A leitura intensiva ocorria, geralmente, em voz alta, em grupo, em situações de sociabilidade, o que permitia a participação de analfabetos e semialfabetizados. A Bíblia, livros de devoção, almanaques e livretos baratos eram lidos, ouvidos, recitados, memorizados e, muitas vezes, transmitidos de geração em geração. No entanto, não era apenas a escassez de materiais escritos que explicava a predominância da leitura intensiva: a própria concepção de leitura era diferente da que predominaria a partir de 1750, quando se iniciou uma verdadeira “revolução da leitura”, e o modo de ler se tornou principalmente extensivo. Para a maioria das pessoas, ler era sinônimo de saber de cor, então considerado o melhor modo de se apropriar da palavra escrita, que era vista quase como uma propriedade do sujeito: ninguém poderia usurpá-la, se ele a tivesse em sua mente e em seu coração.
A leitura representava, assim, muito mais o reconhecimento do que já era familiar ao leitor/ouvinte do que a descoberta de novos mundos. Essa periodização rígida, que toma 1750 como um marco que separa a leitura intensiva da leitura extensiva, embora sirva como orientação para compreender, de modo geral, a história da leitura, tem sido problematizada – pois, mesmo atualmente, há certos objetos que continuam a ser lidos intensivamente, como a Bíblia, folhetos de cordel, poemas, textos acadêmicos, cartas e livros de literatura infantil.
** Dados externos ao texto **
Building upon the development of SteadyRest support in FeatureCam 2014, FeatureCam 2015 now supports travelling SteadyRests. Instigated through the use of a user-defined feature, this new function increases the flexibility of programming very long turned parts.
Há também instâncias em que a leitura intensiva ocorre com mais frequência, como espaços religiosos, a escola, ou mesmo a cabeceira da cama, antes de dormir. Sujeitos pouco familiarizados com o mundo da cultura escrita também são mais propensos a realizar esse tipo de leitura. Ler ou ouvir a leitura de outrem repetidas vezes é, sobretudo, reencontrar aquilo que já se conhece, seja um preceito que ajuda a viver, seja uma palavra ou frase que provoca riso, choro, alegria, medo ou fruição estética. É reencontrar e reelaborar as emoções sentidas nas vezes anteriores em que se deparou com o mesmo texto.
Para a criança pequena, ou mesmo para os alunos da Educação de Jovens e Adultos, a leitura intensiva tende a deixá-los confortáveis diante de um universo que, inicialmente, pode causar-lhes tensão: o da palavra escrita. Além disso, ler e reler textos já conhecidos faz com que eles se apropriem de algumas especificidades da escrita, como a sua estabilidade (afinal, é diferente contar uma história ou ler uma história). A leitura intensiva também contribui para o recontar e o reescrever histórias, estratégia muito empregada, desde a Educação Infantil, para favorecer a apropriação, pelos alunos, da linguagem com a qual se escreve. Aos poucos, é importante ampliar esse corpus, para que as crianças ou os adultos em processo de alfabetização construam a ideia de que ler é também conhecer algo novo, como fazem os leitores extensivos.
Verbetes associados: Cultura escrita, Leitura em voz alta, Leitura extensiva, Leitura silenciosa, Modos de ler na infância, Reconto
Referências bibliográficas:
CHARTIER, R.; CAVALLO, G. História da leitura no mundo ocidental. v. 1. São Paulo: Ática, 1998.
CHARTIER, R.; CAVALLO, G. História da leitura no mundo ocidental. v. 2. São Paulo: Ática, 1999.